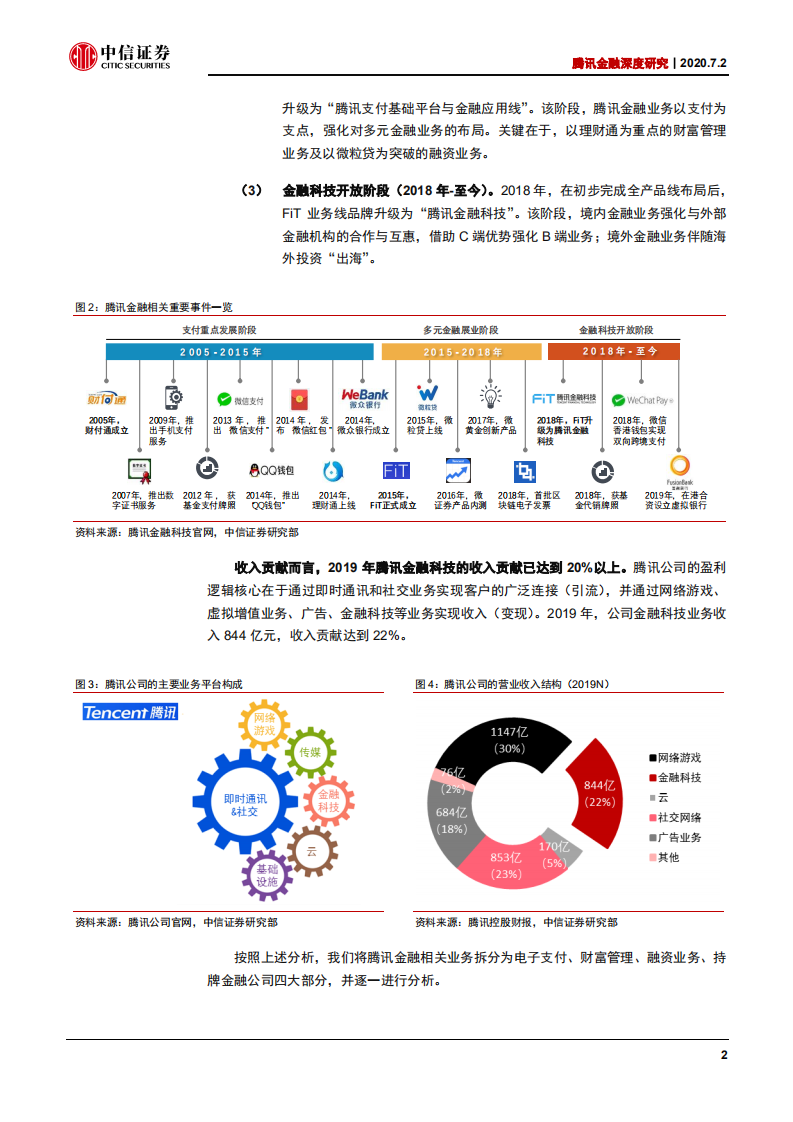 银行业腾讯金融深度研究：连接过去，融通未来-20200702.pdf 第5页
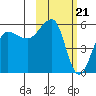 Morzhovoi Bay tide chart for Wednesday, February 21, 2024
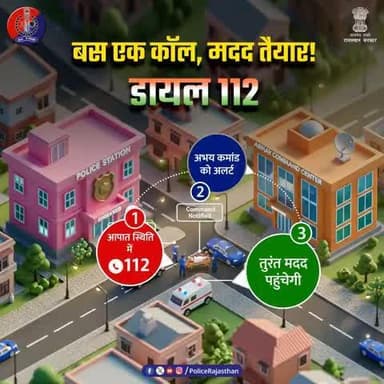 किसी भी आपत्ति में अब आप अकेले नहीं हैं!
डायल 112 के जरिए राजस्थान पुलिस की टीम अभय कमांड सेंटर से अलर्ट होकर चंद मिनटों में आपके पास होगी।
भरोसा रखिए, आपकी सुरक्षा हमारा संकल्प है।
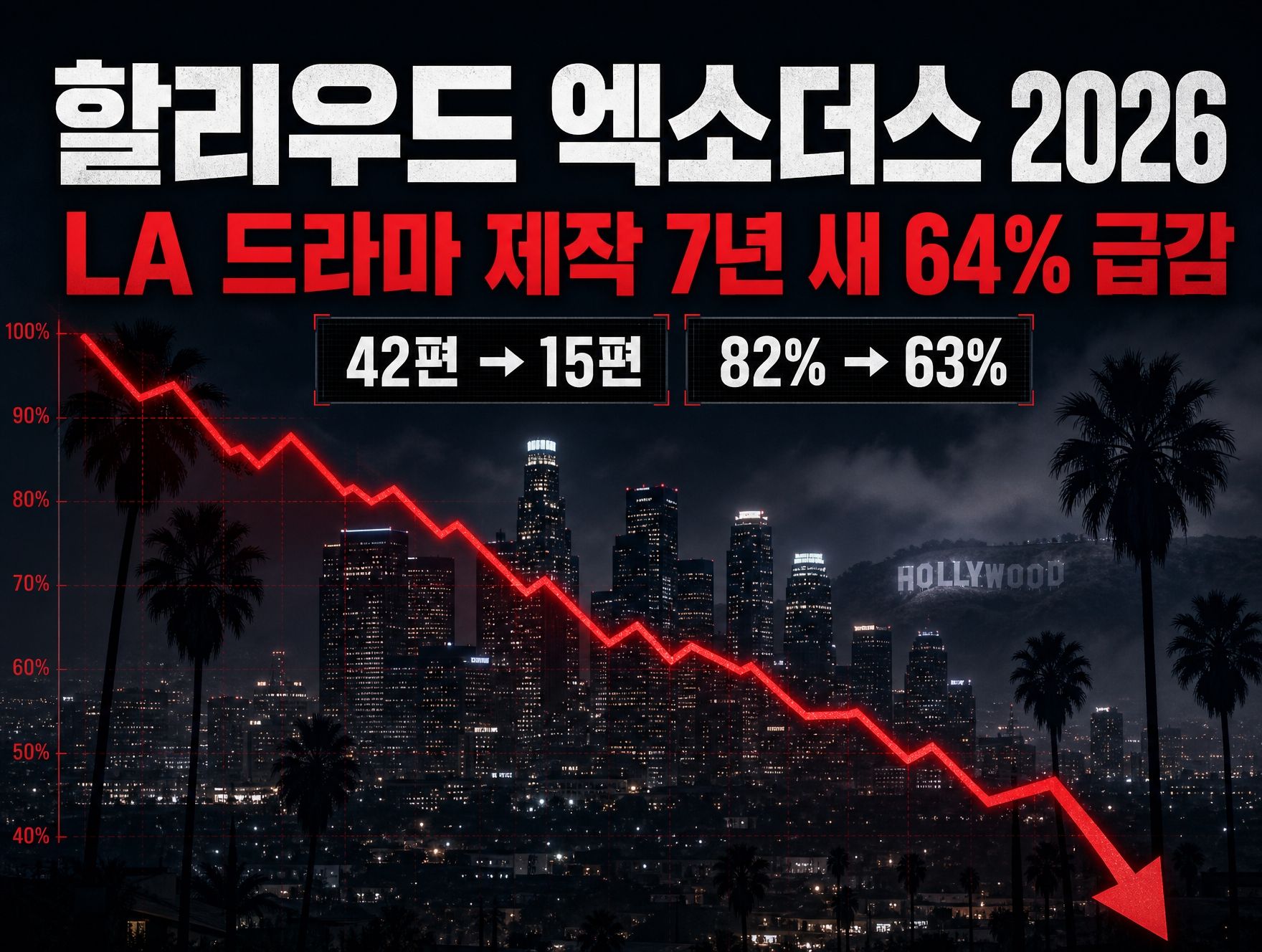 LA 드라마 촬영 7년 만에 64% 추락…핵심은 ‘중예산 슬레이트의 실종’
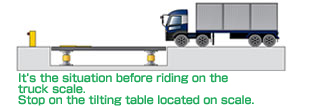 It's the situation before riding on the truck scale. Stop on the tilting table located on scale.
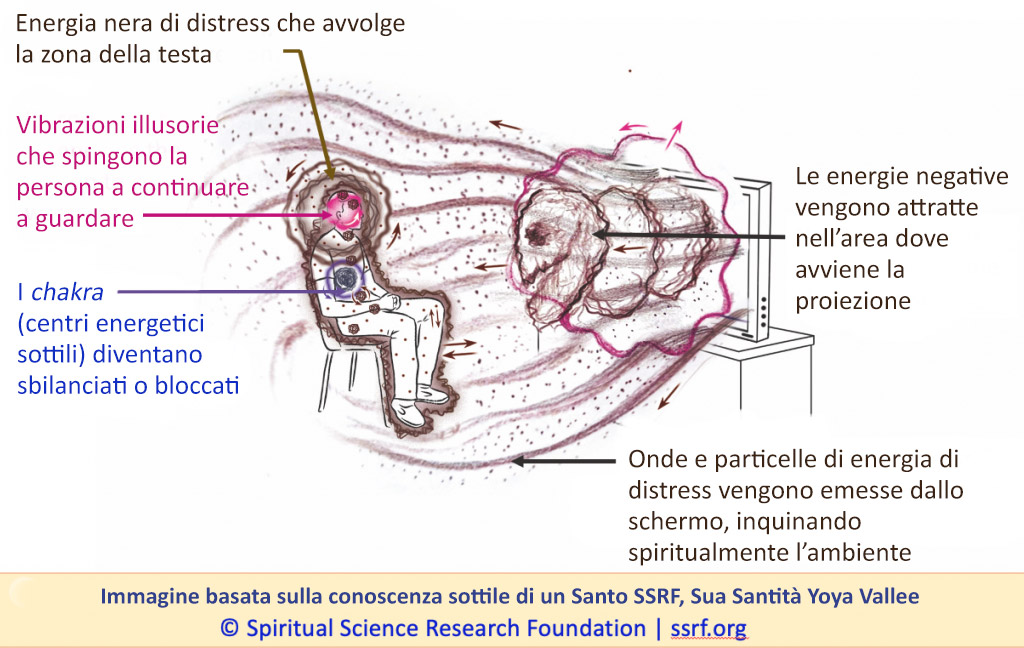 Osservazioni ottenute attraverso il sesto senso avanzato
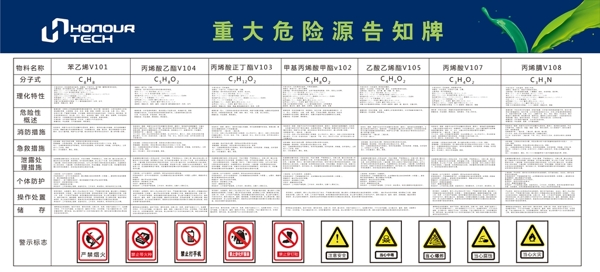 化工企业重大危险源告知牌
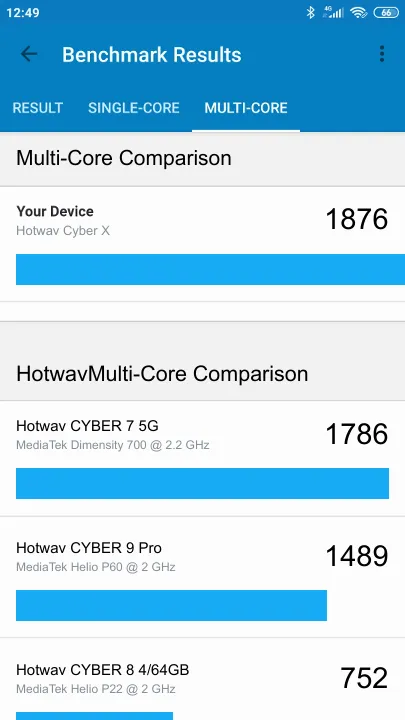 Hotwav Cyber X Geekbench Benchmark результаты теста (score / баллы)
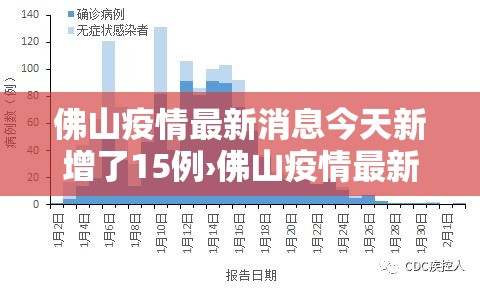 佛山疫情最新消息今天新增了15例›佛山疫情最新公布今天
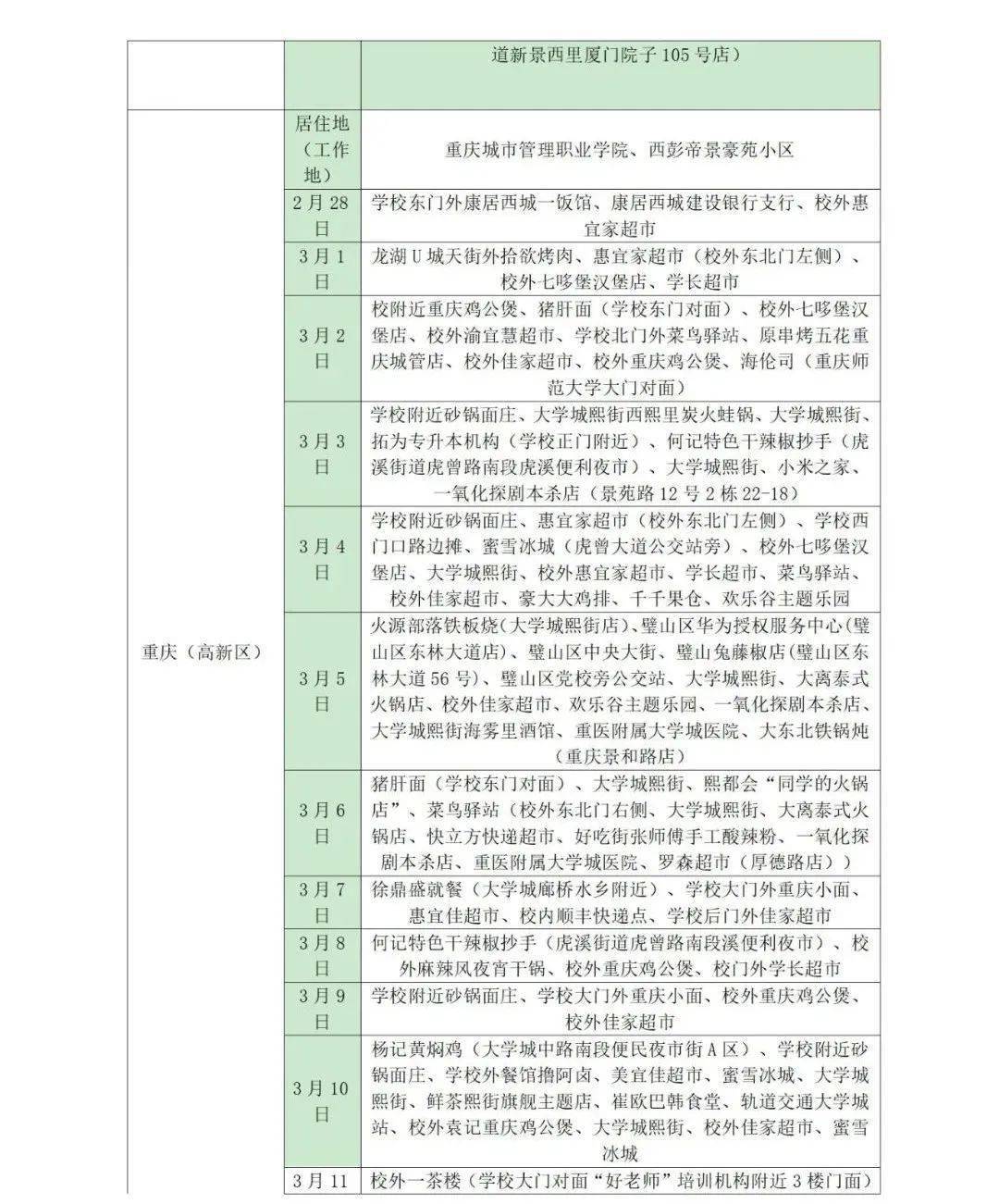 所在|山东疾控近期疫情防控公众健康提示（3月14日更新）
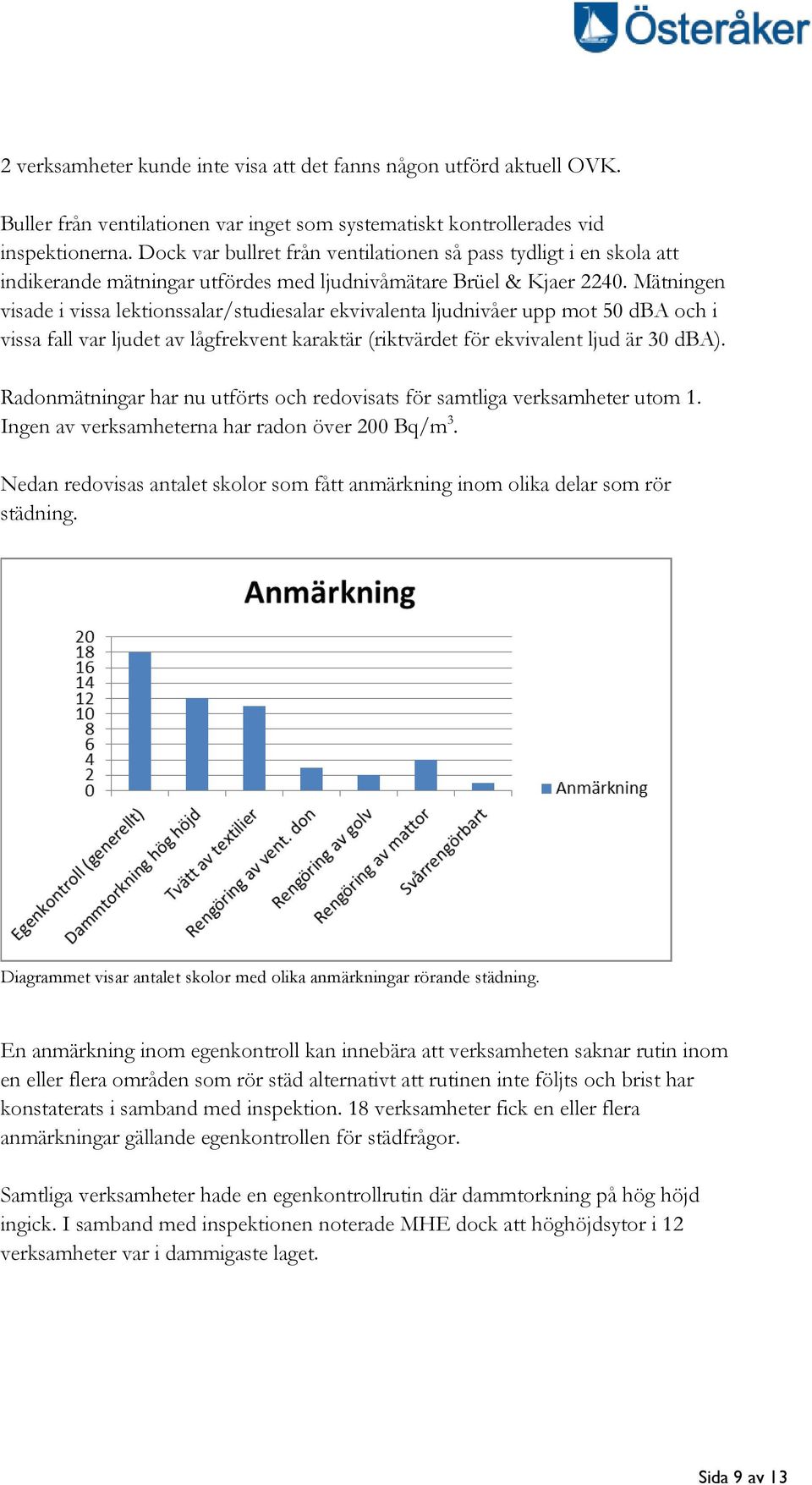 Mätningen visade i vissa lektionssalar/studiesalar ekvivalenta ljudnivåer upp mot 50 dba och i vissa fall var ljudet av lågfrekvent karaktär (riktvärdet för ekvivalent ljud är 30 dba).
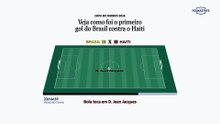 Veja como foi o primeiro gol do Brasil contra o Haiti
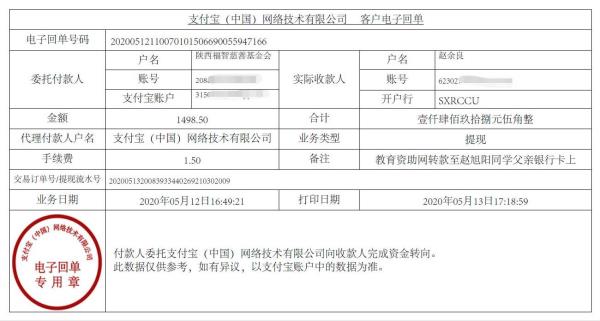 教育资助网给赵旭阳同学转款的电子回单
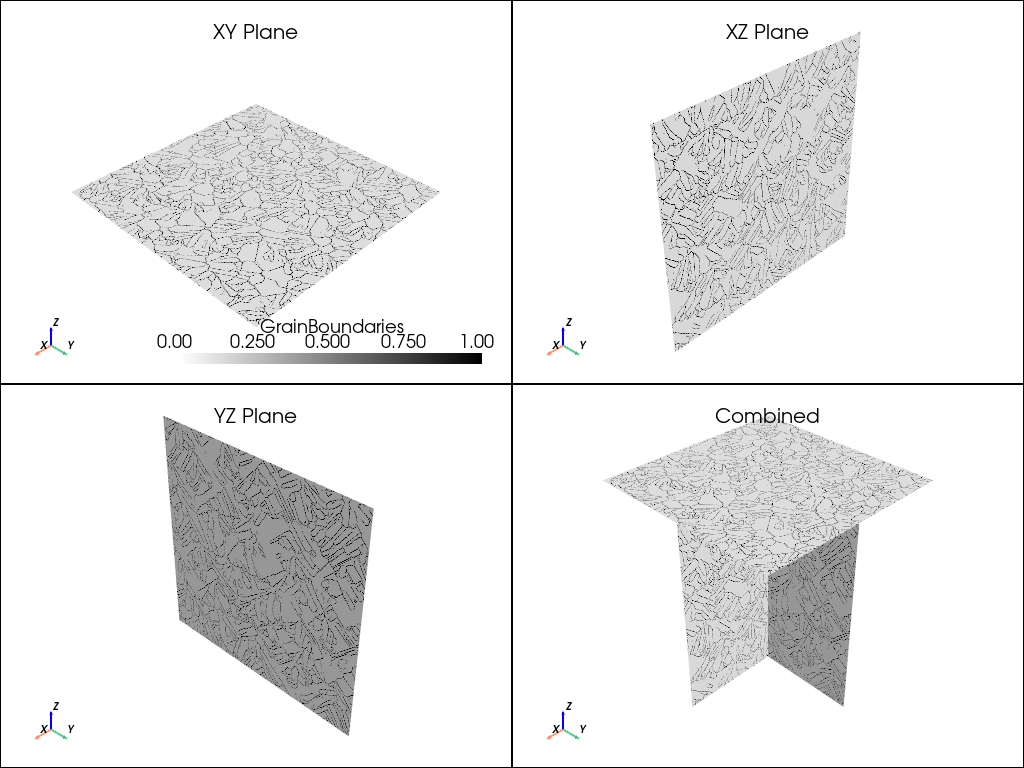 02 additive microstructure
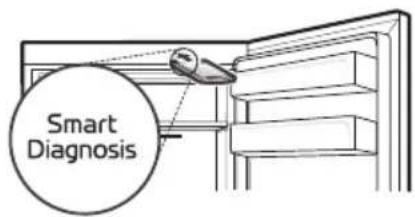 Smart Diagnosis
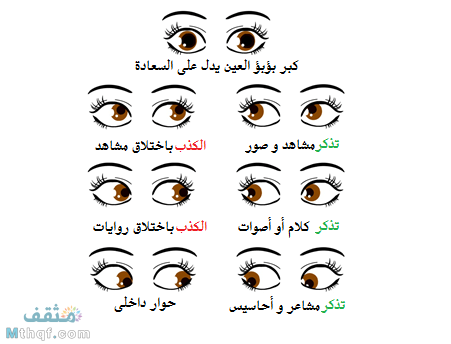 حركات العيون من أساسيات لغة الجسد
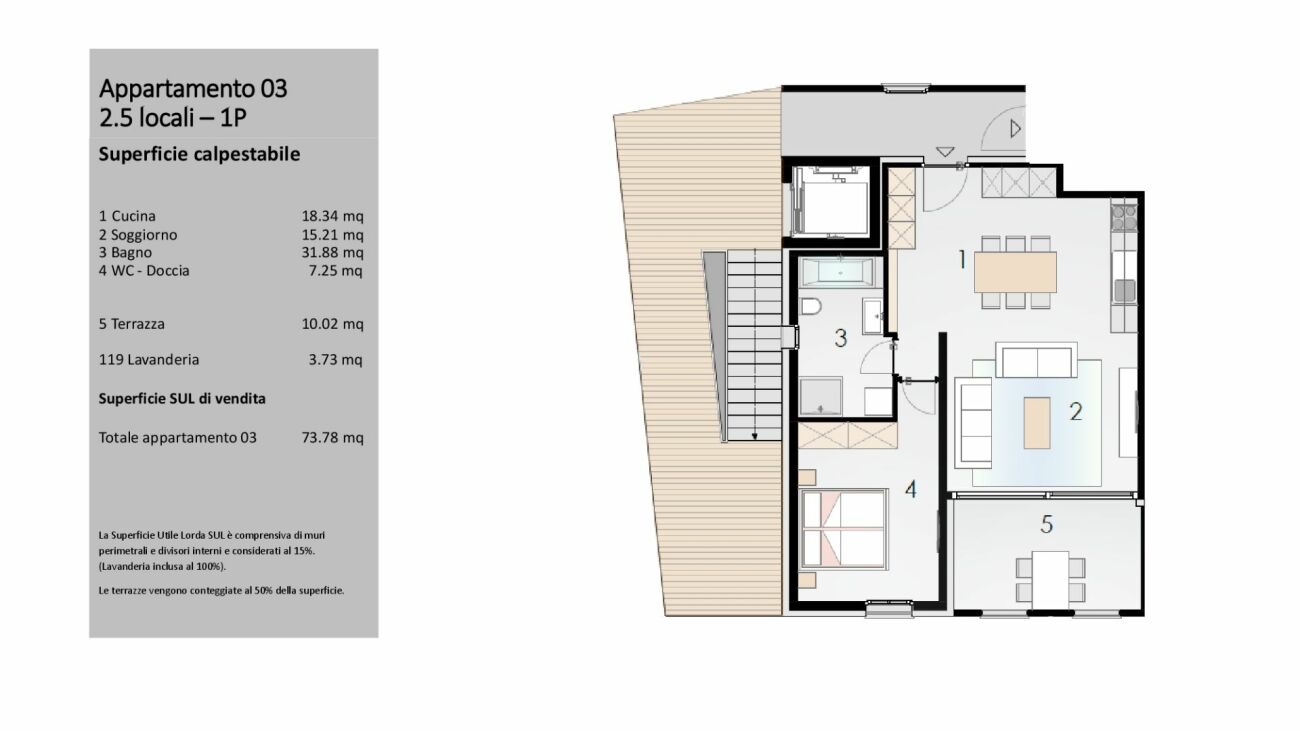 Grundriss einer Wohnung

· · · · · · ·

Pictures in the records above are not copied; print everything else exactly.

 银行业腾讯金融深度研究：连接过去，融通未来-20200702.pdf 第5页
 Morzhovoi Bay tide chart for Wednesday, February 21, 2024
 किसी भी आपत्ति में अब आप अकेले नहीं हैं!
डायल 112 के जरिए राजस्थान पुलिस की टीम अभय कमांड सेंटर से अलर्ट होकर चंद मिनटों में आपके पास होगी।
भरोसा रखिए, आपकी सुरक्षा हमारा संकल्प है।
 LA 드라마 촬영 7년 만에 64% 추락…핵심은 ‘중예산 슬레이트의 실종’
 It's the situation before riding on the truck scale. Stop on the tilting table located on scale.
 Osservazioni ottenute attraverso il sesto senso avanzato
 化工企业重大危险源告知牌
 Hotwav Cyber X Geekbench Benchmark результаты теста (score / баллы)
 佛山疫情最新消息今天新增了15例›佛山疫情最新公布今天
 所在|山东疾控近期疫情防控公众健康提示（3月14日更新）
 Mätningen visade i vissa lektionssalar/studiesalar ekvivalenta ljudnivåer upp mot 50 dba och i vissa fall var ljudet av lågfrekvent karaktär (riktvärdet för ekvivalent ljud är 30 dba).
 Veja como foi o primeiro gol do Brasil contra o Haiti
 教育资助网给赵旭阳同学转款的电子回单
 02 additive microstructure
 Smart Diagnosis
 حركات العيون من أساسيات لغة الجسد
 Grundriss einer Wohnung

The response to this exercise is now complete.